Open science and research

Open access terminology

Definitions of key concepts of open access publishing.

On this page

Loading table of contents

Article processing charge (APC fee)

A fee (variable according to the journal) charged by the publisher of publishing an article in a gold open access journal, or publishing article open access in a subscription-based hybrid journal. APC fee should be covered either by the institution or the author. Aalto University has open access agreements with several publishers. Under the agreements, authors can publish their articles without APC fees or get discounts on them.

Instead of the term APC fee, publishers can refer to publication fees or open access fees.

See also: hybrid open access, gold open access, transformative agreement

Creative Commons licenses

Creative Commons licenses are standard-format licenses. Different licenses allow a different degree of openness. The CC BY 4.0, which requires attribution of the author is recommended for open scientific publications. The  CC0 waiver does not require mentioning authors and it is commonly used to allow open access to metadata and certain datasets. 

Open content licences


A publisher-defined period of delay during which access to an open access version of the article (usually final accepted manuscript) is not available to users.
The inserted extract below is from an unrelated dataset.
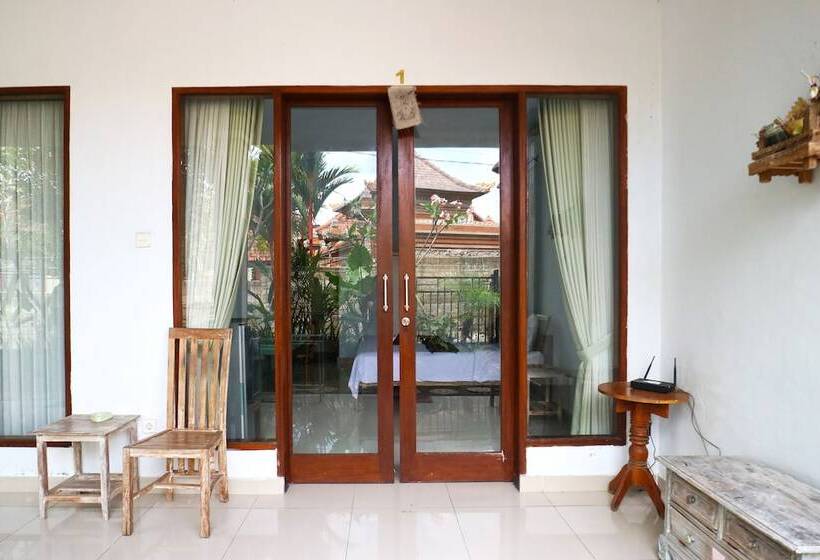 بنسيون The Wina Echo Beach Guest House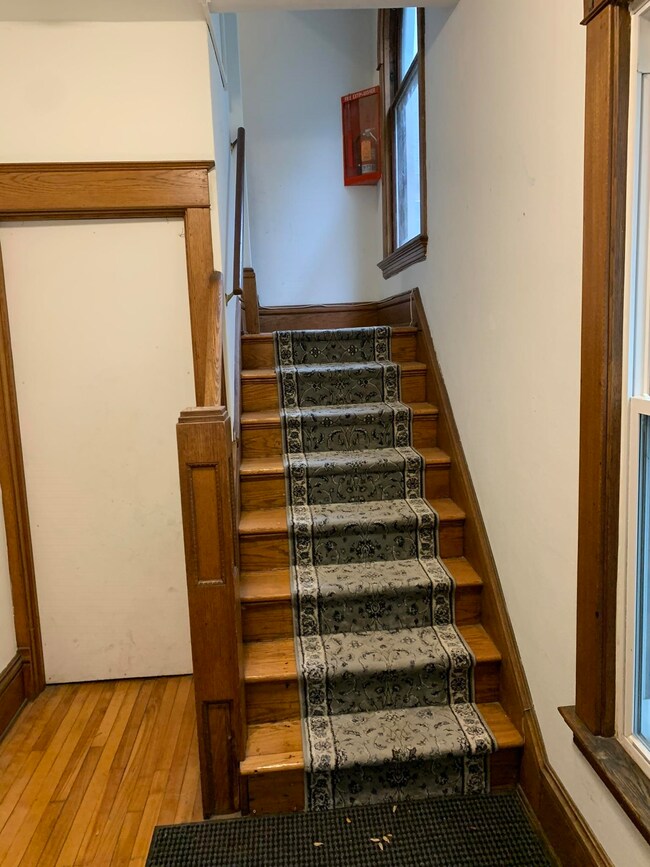 201 S Bassett St, Madison, WI 53703 - photo 5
The period of time between publication of the paper in non-open access form and making an article open access is set up by the journal publisher and is often 6–12 months or longer. However, some publishers do not require embargo period. Open access to the publication is possible only after the embargo period.

See also: green open access, self-archiving/parallel publishing

Final accepted manuscript (FAM) /Author accepted manuscript (AAM) / Post print / Final draft

The peer-reviewed manuscript, meaning the final peer-reviewed version submitted by the author to the publisher, which does not have the layout of the publisher. (Please note that ‘post’ refers to after peer review, not after printing.)

Final accepted manuscript can be used for self-archiving following the policy of the publisher. 

See also: green open access, self-archiving/parallel publishing

Green open access, Green OA

Also referred to as self-archiving, Green OA means that the published article or the final peer-reviewed manuscript is archived in an online repository before, alongside or after its publication. Repository software usually allows authors to delay access to the article (‘embargo period’). Free of charge for the researcher, but often only after an embargo period. In Aalto University, the institutional repository is ACRIS and Aaltodoc together.

See also: embargo, final accepted manuscript, self-archiving/parallel publishing

Gold open access, Gold OA

Usually referred to as publishing in an open access journal. In this model, the payment of publication costs is shifted away from readers paying via subscriptions. The costs (often referred to as Article Processing Charges, APC fees) can usually be borne by the university or research institute to which the researcher is affiliated. 

See also: Article processing charge

Hybrid Open Access, Hybrid OA

Refers to a subscription-based journal where only some of the articles are published open access. Open access publishing in a hybrid journal requires paying a separate APC fee.

See also: Article processing charge, transformative agreement

Plan S

Plan S is an open access initiative launched by the EU Commission and Science Europe. The goal of the Plan S is to make paywalled publications that result from publicly funded research accessible to everyone.

Read more about Plan S


The manuscript version which has not been peer-reviewed. (Please note that ‘pre’ refers to before peer review, not before printing.)

Predatory publishers

Publishers who offer open access for a charge but whose quality and services do not meet the standards set for scientific publications.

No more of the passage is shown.